- _What to do_
If a line in the listing contains "Shoes", copy it out whole.

BEGIN

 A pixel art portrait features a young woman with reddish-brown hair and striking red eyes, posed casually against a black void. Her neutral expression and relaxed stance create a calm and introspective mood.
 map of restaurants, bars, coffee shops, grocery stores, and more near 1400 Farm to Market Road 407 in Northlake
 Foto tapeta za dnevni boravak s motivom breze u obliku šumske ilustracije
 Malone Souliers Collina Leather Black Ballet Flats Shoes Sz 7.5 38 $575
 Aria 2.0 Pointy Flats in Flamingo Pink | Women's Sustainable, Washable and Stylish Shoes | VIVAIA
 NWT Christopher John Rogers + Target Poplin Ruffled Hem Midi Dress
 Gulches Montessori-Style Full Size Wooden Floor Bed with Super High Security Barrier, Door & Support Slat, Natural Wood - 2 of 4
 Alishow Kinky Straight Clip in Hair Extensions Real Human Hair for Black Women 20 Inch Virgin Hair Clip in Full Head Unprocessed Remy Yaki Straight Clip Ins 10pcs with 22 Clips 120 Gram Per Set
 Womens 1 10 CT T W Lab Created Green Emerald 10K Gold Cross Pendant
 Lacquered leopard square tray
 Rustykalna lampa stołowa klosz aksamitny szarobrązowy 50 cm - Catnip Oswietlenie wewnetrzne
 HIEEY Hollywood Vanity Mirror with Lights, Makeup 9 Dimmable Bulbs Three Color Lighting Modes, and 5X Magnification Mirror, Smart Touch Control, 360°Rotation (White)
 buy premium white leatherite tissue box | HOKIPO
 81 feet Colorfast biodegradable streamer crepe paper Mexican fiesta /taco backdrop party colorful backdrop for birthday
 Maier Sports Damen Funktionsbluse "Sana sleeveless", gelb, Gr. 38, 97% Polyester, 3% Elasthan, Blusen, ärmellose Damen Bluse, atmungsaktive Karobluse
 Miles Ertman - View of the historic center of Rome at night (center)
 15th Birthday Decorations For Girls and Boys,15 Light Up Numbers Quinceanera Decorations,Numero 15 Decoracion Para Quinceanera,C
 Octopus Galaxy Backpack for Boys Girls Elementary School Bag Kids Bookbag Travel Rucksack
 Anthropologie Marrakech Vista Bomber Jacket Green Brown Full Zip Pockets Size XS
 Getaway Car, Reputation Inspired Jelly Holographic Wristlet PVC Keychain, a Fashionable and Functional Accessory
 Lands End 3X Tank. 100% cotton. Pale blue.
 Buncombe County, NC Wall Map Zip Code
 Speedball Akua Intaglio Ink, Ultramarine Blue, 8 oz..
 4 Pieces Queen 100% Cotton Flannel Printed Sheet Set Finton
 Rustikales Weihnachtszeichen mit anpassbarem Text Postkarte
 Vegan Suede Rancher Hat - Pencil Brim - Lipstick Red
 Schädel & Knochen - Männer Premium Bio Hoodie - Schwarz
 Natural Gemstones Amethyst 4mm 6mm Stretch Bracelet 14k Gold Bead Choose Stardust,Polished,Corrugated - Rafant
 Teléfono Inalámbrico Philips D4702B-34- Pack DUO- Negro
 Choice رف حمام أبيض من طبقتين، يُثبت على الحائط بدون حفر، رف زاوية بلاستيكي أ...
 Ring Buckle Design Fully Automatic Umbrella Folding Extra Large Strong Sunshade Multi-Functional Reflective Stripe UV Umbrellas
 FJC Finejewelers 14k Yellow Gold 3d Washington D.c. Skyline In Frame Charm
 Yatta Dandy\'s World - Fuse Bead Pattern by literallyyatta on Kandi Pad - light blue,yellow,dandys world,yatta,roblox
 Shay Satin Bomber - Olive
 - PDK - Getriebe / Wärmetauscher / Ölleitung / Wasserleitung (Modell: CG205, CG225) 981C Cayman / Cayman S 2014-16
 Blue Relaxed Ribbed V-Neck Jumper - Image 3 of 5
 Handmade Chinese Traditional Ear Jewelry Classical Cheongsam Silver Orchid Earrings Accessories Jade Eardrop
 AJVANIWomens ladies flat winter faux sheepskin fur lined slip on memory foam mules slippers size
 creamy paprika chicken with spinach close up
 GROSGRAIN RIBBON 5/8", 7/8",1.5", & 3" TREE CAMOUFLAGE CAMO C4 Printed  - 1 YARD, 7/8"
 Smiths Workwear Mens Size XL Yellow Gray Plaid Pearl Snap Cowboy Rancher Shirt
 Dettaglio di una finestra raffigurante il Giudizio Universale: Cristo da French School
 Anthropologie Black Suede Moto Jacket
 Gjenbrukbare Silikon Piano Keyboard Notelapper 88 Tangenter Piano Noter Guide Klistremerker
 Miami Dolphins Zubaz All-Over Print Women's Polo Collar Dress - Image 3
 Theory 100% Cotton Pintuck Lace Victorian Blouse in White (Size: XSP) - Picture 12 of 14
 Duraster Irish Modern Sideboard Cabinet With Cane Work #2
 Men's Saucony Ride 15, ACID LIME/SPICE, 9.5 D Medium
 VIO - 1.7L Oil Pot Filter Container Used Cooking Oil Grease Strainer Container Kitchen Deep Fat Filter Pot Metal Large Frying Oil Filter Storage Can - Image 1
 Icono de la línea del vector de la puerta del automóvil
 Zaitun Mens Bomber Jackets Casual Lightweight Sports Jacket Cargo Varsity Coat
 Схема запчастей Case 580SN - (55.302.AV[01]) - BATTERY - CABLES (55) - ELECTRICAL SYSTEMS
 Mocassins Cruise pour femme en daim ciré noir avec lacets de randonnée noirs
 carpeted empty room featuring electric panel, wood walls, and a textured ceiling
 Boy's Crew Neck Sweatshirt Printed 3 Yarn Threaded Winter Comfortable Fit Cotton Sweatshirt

END

- _Response area_
 Malone Souliers Collina Leather Black Ballet Flats Shoes Sz 7.5 38 $575
 Aria 2.0 Pointy Flats in Flamingo Pink | Women's Sustainable, Washable and Stylish Shoes | VIVAIA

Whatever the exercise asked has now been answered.